Today I spent just a little bit of time cutting up vegetables that I can eat raw or cook. My favorites are colorful bell peppers, celery, yellow and green squash, cucumber, broccoli, and cauliflower. By having these precut for the week in containers in your fridge you are able to have them ready for snacking or cooking. I love to dip raw veggies in hummus or use them at night steamed as a side dish or in a stir-fry for dinner. It is always WONDERFUL to prep because it is DONE….no excuses about not having time to cook or make a healthy snack. I often use the cut up celery to make Ants on a Log for my girls (almond or sun butter with raisons) in their lunch. If everything is pre- cut for some reason it’s much easier to go and grab it and use it. You are able to do the same thing with nuts, seeds, and fruit. Prepackage them in snack-size baggies, so you can grab them during the week for a snack. It’s so much better than a vending machine snack at 3pm!
Also, I made my simple hummus for the week. It has very few ingredients, very fresh and easy to make. Just throw ingredients in a blender or food processor, then add it to a sealed container and store in the fridge. You can use it as a veggie dip or spread for the week.

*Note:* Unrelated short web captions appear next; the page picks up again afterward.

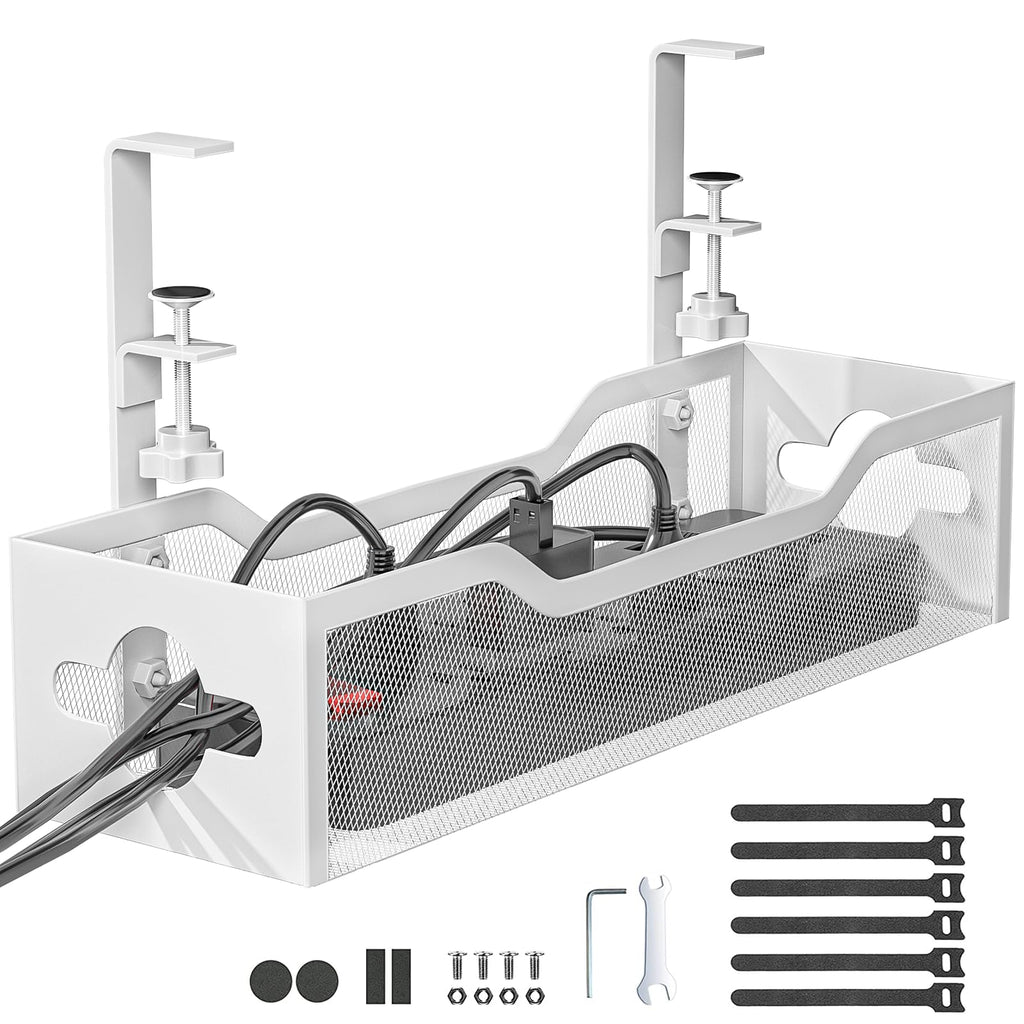 Adjustable Clamp-On Under-Desk Cable Tray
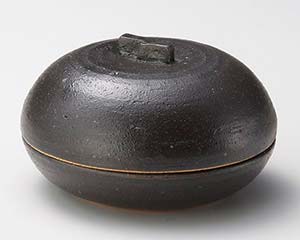 【まとめ買い10個仕掛ける品】和食器 ミ105-148 黒オリベ 手造り丸フタ物【取り止める/返品不可】【ECJ】 その他-キッチン用品・食器・調理器具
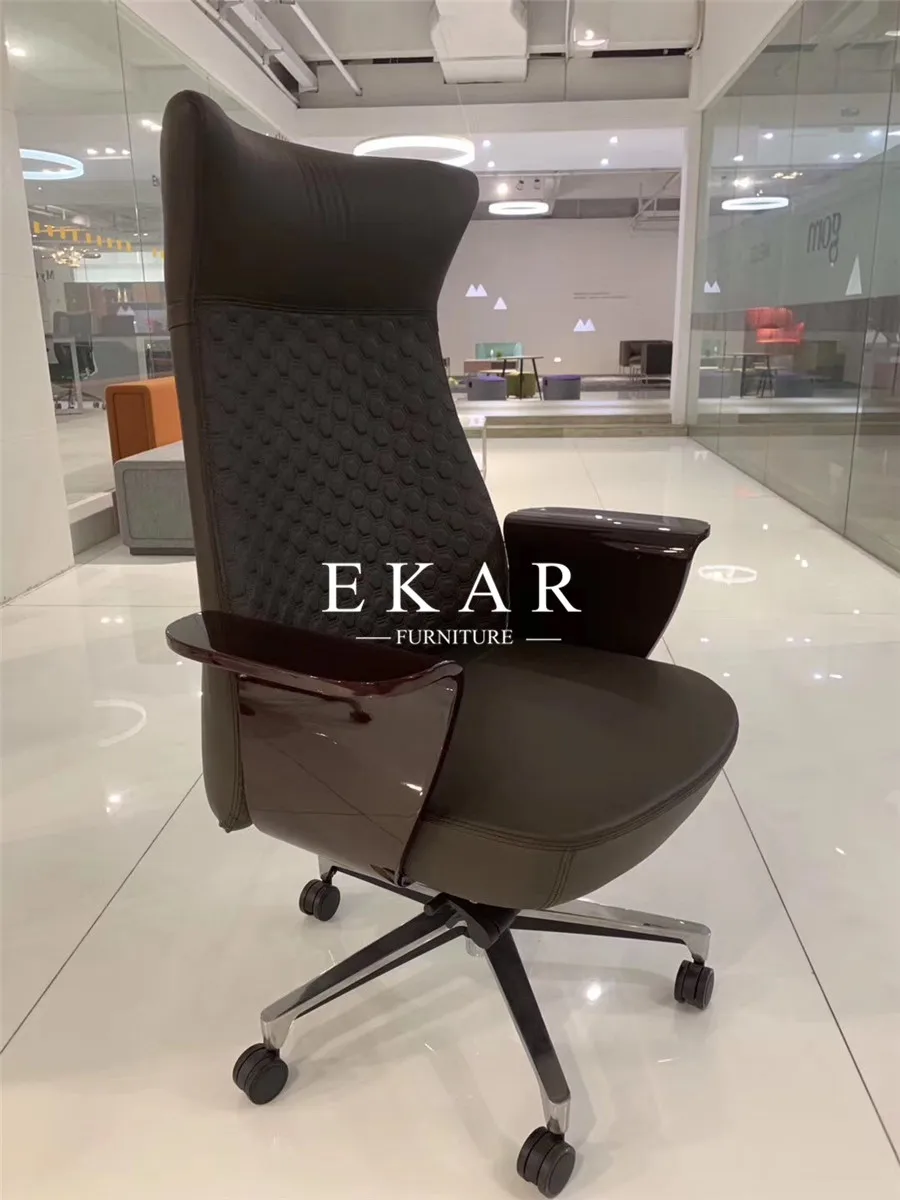 Swivel Arm Office Furniture Executive Office Chair Leather details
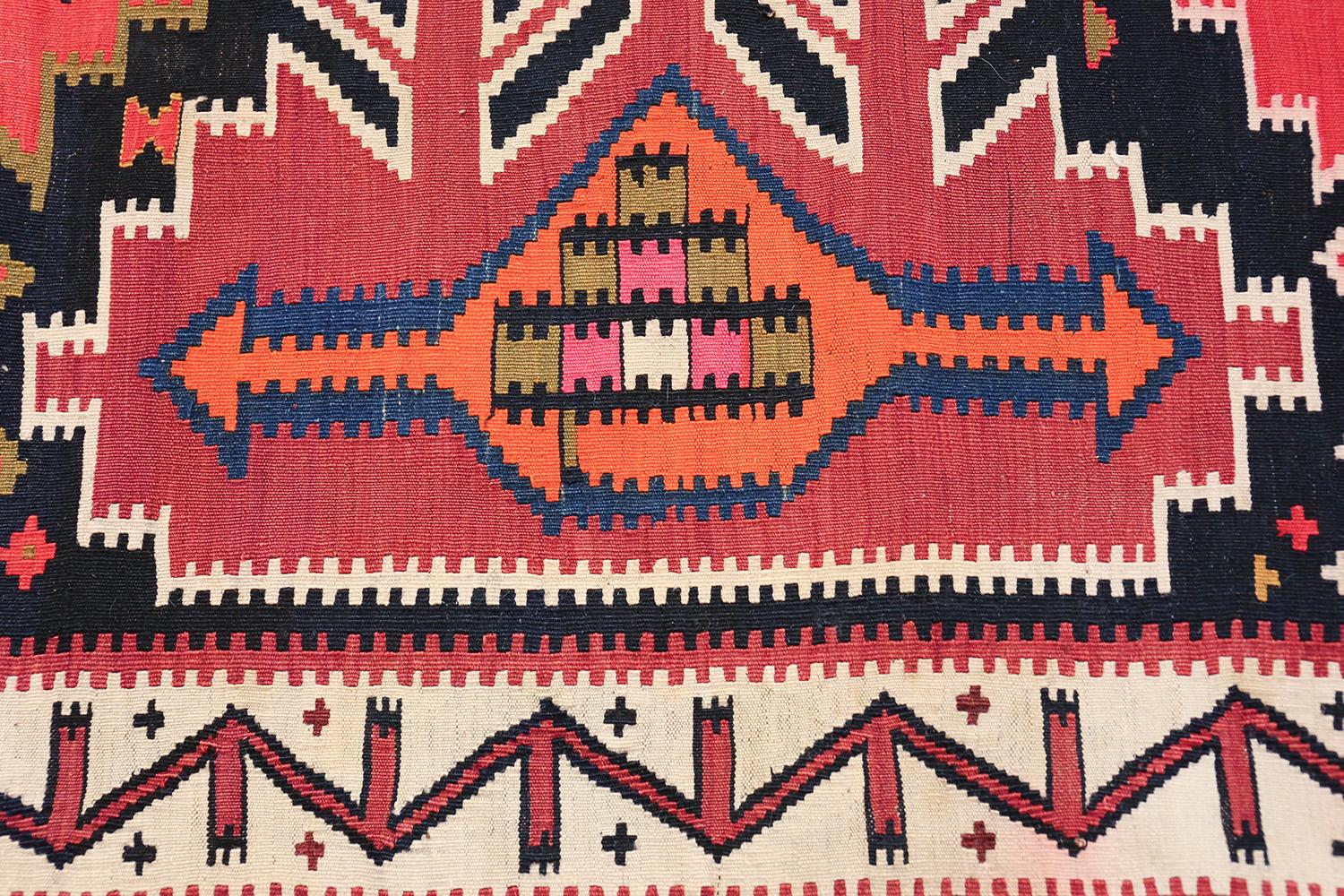 Wool Antique Tribal Caucasian Kuba Kilim Rug. Size: 5 ft 7 in x 12 ft 9 in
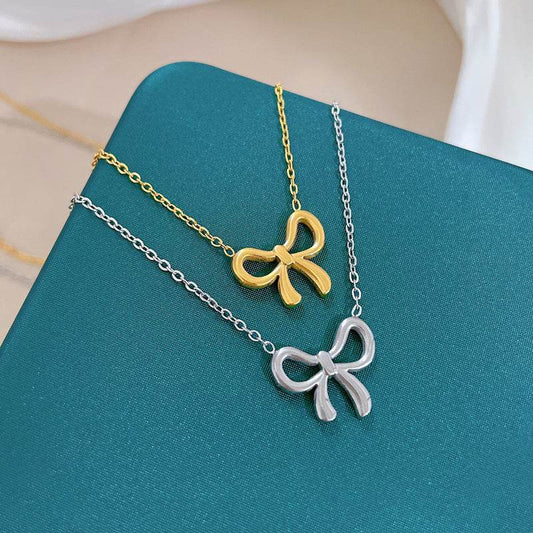 Whole Titanium Steel Mori Style Bowknot Minimalist Style Real Gold Clavicle Necklace For Women - Velora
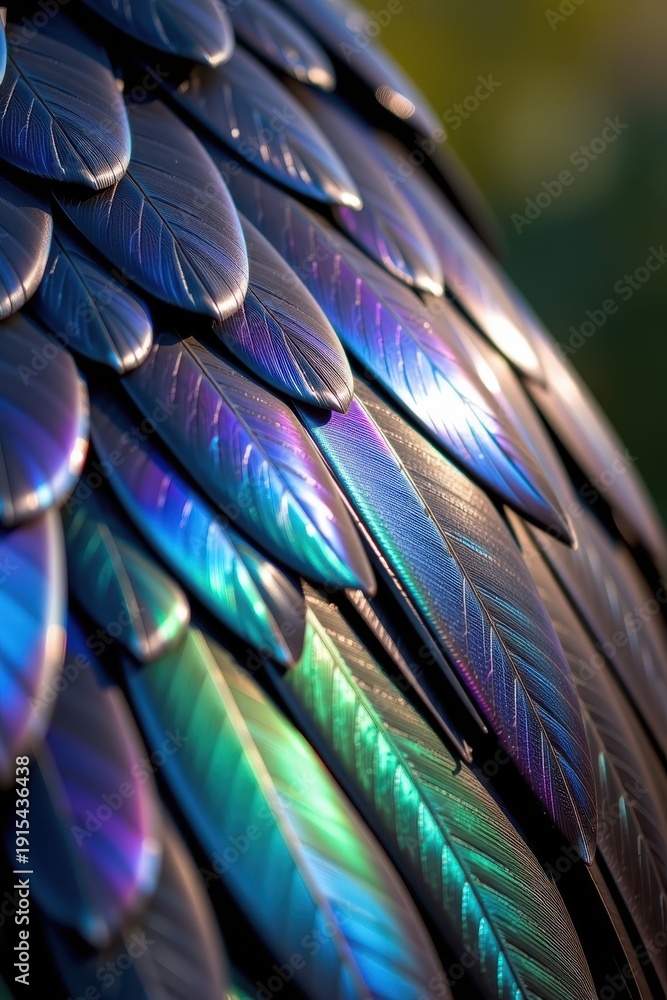 Obraz premium Close-up of iridescent feathers displaying vibrant blue, green, and purple hues with detailed textures and fine lines reflecting light.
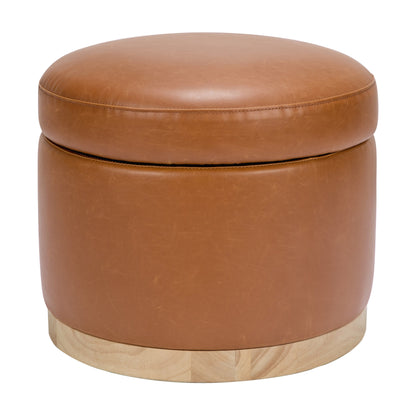 M22885TANLB,Naka Storage Ottoman in Vegan Tan Leather w/ Light Wood Base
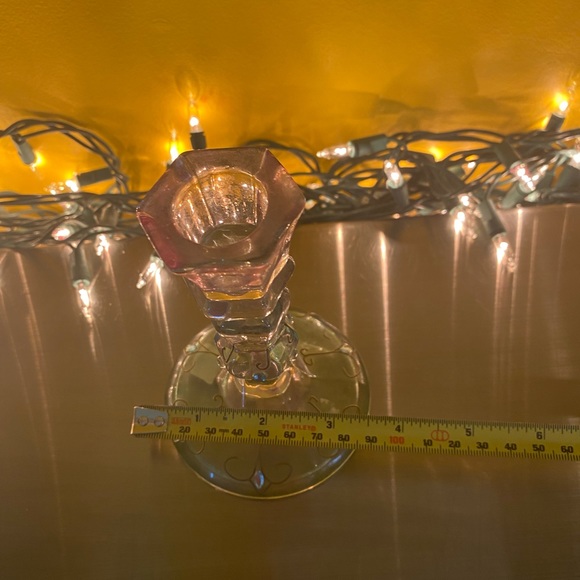 Vintage PartyLite Candlestick pink green iridescen - Picture 5 of 6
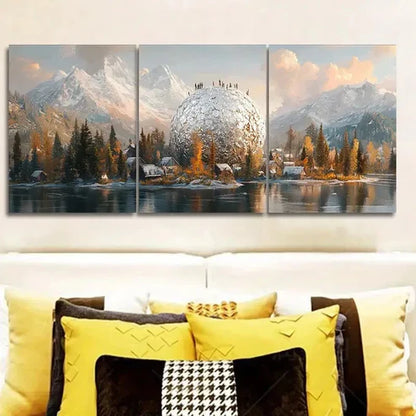 3pcs Snow-Capped Island (2) Wall Art Canvas Unframed - High Quality Print 100% Australian Made Wall Canvas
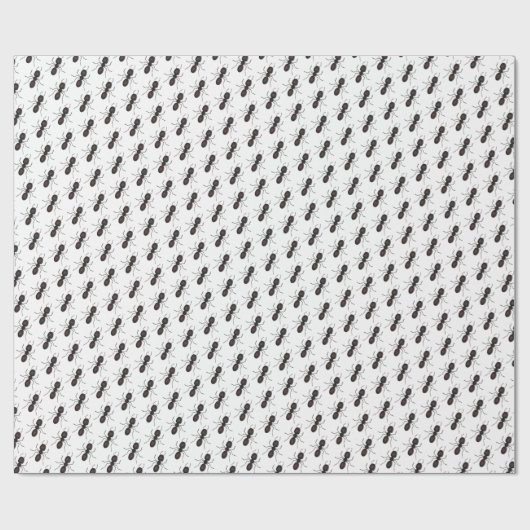 Zwarte Ants op wit Cadeaupapier (Vlak)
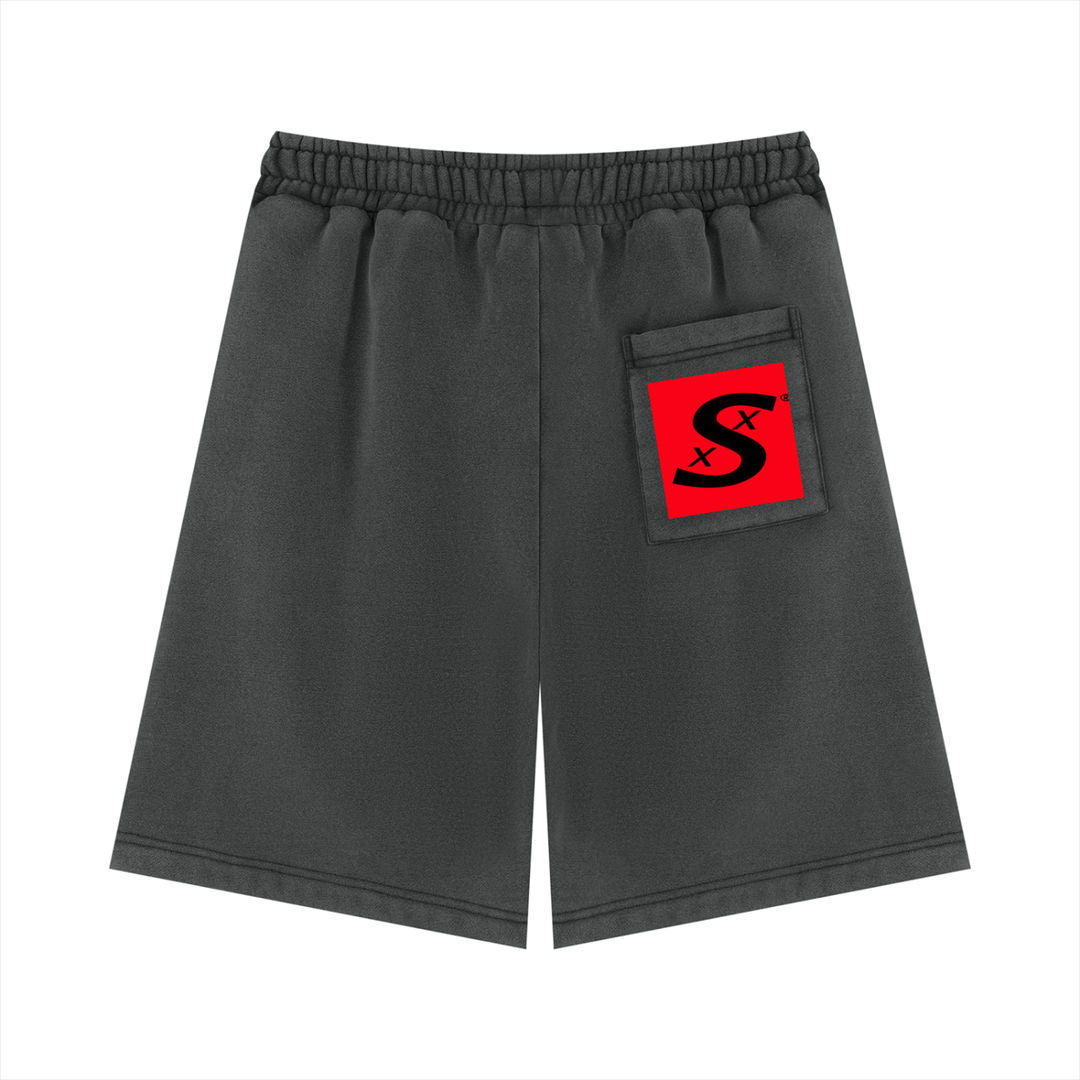 Unisex Vintage Wash Fleece Stacked Shorts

3.) Plan Lunch and Dinner with the Family – I also have a calendar I take out with my girls for the week for their lunches. With my lunchbox recipe book, I let my 2 girls each pick a lunch idea and I get to pick one and there are our 5 meals for the week. We write it down on a calendar so that they can see what we all chose and we all know what we are having instead of scrambling that morning. Also, I do the same with my husband for dinner. We both travel and have busy schedules, so we figure out what nights we are home or away and we plan our dinners that way. I have an amazing husband that loves to cook, so if he is home and can cook, he will! Amazing, right? We map out the week for dinners and figure out who and what we will cook. Again, this is so much help for our week ahead. We really only do Sunday -Thursday because Friday and Saturday night we usually go out with the kids or make something fun at home like homemade pizza. If you can nail down Sunday through Thursday it can be easier than you think!
PLEASE know that I am a work in progress with this and I wish I could say I do this every single week and I stick to it, but life happens and things happen and it doesn’t always work out for me, but when it does…gosh, it feels good and that is why I wanted to share. It’s all about PREP!!!